Beverage antennas, discussed in the last section, while huge, also have gain below 0 dBi, but were also very quiet, which is what made them useful.
HF antennas on vehicles tend to be inefficient. On middle frequency HF bands an antenna with 0 dBi is a good result.
If we have a simple antenna, such as a dipole or an ordinary vertical (monopole), then as we move away from the resonant frequency the SWR will rise, for example to a point where either the final amplifier is at risk of damage, or protection circuitry winds back the power to protect these stages. With a gain antenna, such as a Yagi, gain may well also drop off outside the design frequency.
A now removed question indicated that the edges of the bandwidth are when an antenna fails to meet its specifications.
Note that if we have a fixed Yagi antenna with a moderate number of elements, it will have moderate gain. It will however have a beamwidth which might take in all the repeaters in a city if we are some distance away. A longer Yagi, with more elements has more gain, but the beamwidth is narrower, so while the signal to and from the repeater in the centre of the beam will be greater, those a little off-axis may receive less signal. Going from perhaps 4 elements to 8 or 10 might result in the behaviour above.
A rough guide to beamwidth is to look at the angle between the points 3 dB down on the signal at the centre of the main lobe on the azimuth plot (the plan view, meaning the view from above). This is not to say that stations beyond that beam will not receive your signal, but too much further outside it, and the S-points will drop.
The antenna plotted below has a beamwidth of 50 degrees. The Front to Front-to-Back is 18 dB, and the Front-to-Side ratio is 14 dB. A similar plot can be made with a compass rose to show the pattern of an installed antenna.
Below is the elevation radiation pattern of a directional antenna. The main lobe has an elevation of 7.5 degrees.
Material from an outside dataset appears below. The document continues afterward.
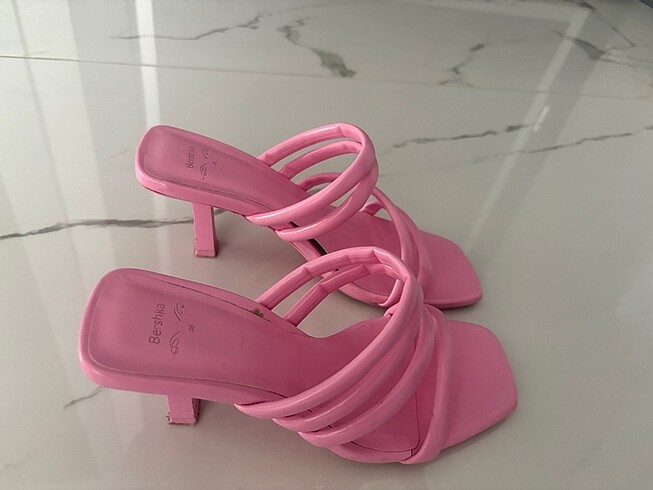 Bershka BERSHKA pembe topuklu terlik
Radiation to the rear is 28 dB below that going forward, the front-to-back 28 dB.
These patterns apply both for transmission and reception.
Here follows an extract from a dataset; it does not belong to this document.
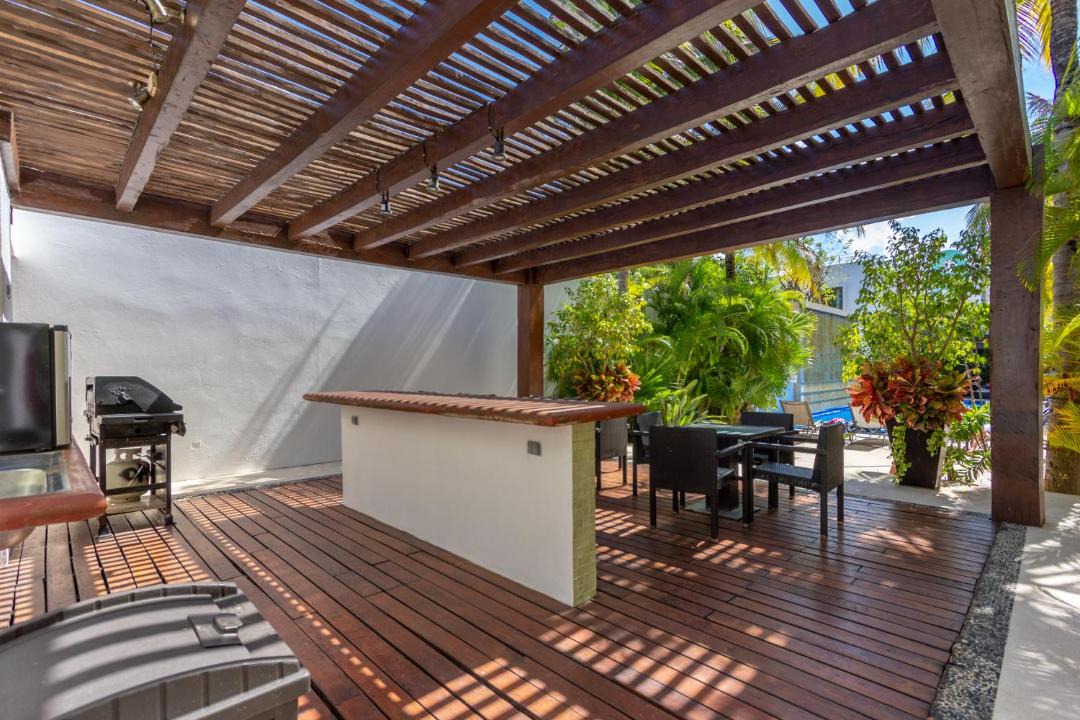 Photo of Patio Balcony in 12th Street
Dish antennas have high to very high gain, and thus have a (very) narrow beamwidth. They are in a question on the next page, using the term "parabolic reflector antenna". There are several ways to feed a dish. The simplest is running a cable to a feedpoint using a simple 2 or 3 element Yagi facing into the dish (small at the operating frequency). This is placed at the Prime Focus. The final RF stages can also be a the is point. Another is to use a horn on the end of waveguide. The Cassegrain and Gregorian systems place a small reflector between the prime focus and the dish which reflects signals from or too a horn in the centre of the dish. All or most apply for both satellite and terrestrial systems, and in radio telescopes and deep space communications systems.
In the past few decades satellite TV has used an oval dish which is a segment of a much larger imaginary round dish. The feed is "offset" and this not in the path of the signal, as with the systems above. They are also used with a range of military and civilian two-way satellite communications systems. They can also be used by Amateurs for contacts between hilltops. Doing this using 5.6 GHz video senders in the place of the Low Noise Block (LNB) used for satellite TV works well, and is both affordable and easy.
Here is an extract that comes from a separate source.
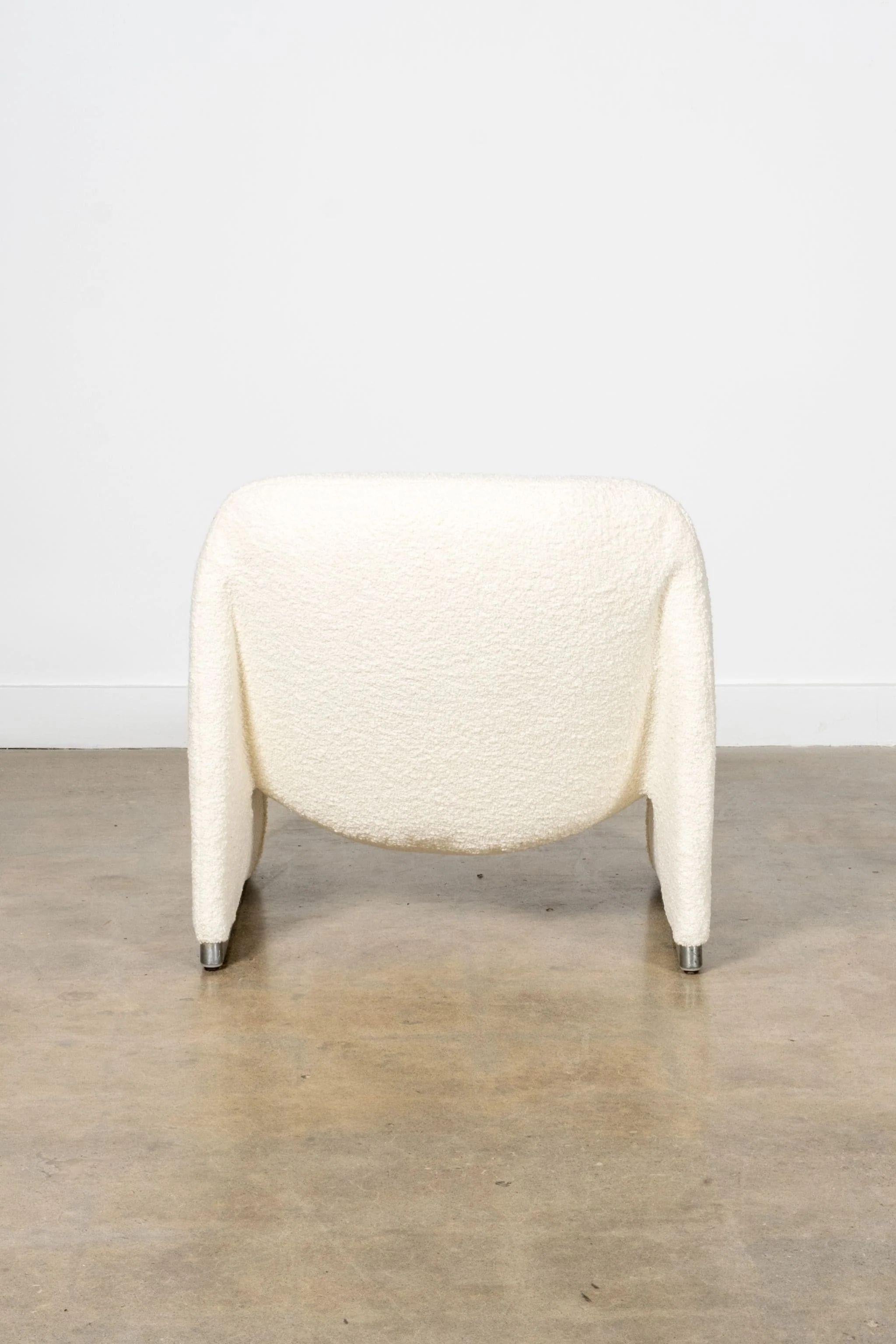 Anonima Castelli Newly Upholstered Alky Chair, Cream Bouclé by Giancarlo Piretti Excellent état - En vente à Toronto, CA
You can use a dish at 70 cm, but it needs to be very large (say 6 metres in diameter) and even then has limited gain. They are more effective from 1296 MHz and up. As frequency increases the dish has a greater gain. If you double the frequency the dish becomes twice as many wavelengths high, and twice as many wide. Thus it has 4 times the area to wavelength ratio, and four times the gain. We call this a 6 dB increase in gain.
As frequency increases small dishes become effective. The 6 mm band is 47 GHz, and a dish around 200 mm wide becomes effective. The surface of the dish needs to follow the ideal curve very precisely, and be continuous metal surface. The 6 metre one for UHF can be something like fine chicken wire mesh on a timber frame.
Gain can reach 30 dB, meaning 1 watt fed in can provide the effect of 1 kW in the beam. Gain is also important because received signals can be weak. Satellite TV transponders might cover a third of Australia with one beam, or even the whole of Australia and NZ with one, and they are just a few 10s of watts.
At HF vertical antennas, especially short ones, less than a quarter-wave, require a system of radials for them to provide a reasonable match, and to radiate efficiently. Quarter-wave, 0.28 (100 degree), and five-eighth units also require radials. Even if the vendor claims that their antennas (such as half-waves) don't need a ground-plane or radials, they will likely still be improved by a few radials.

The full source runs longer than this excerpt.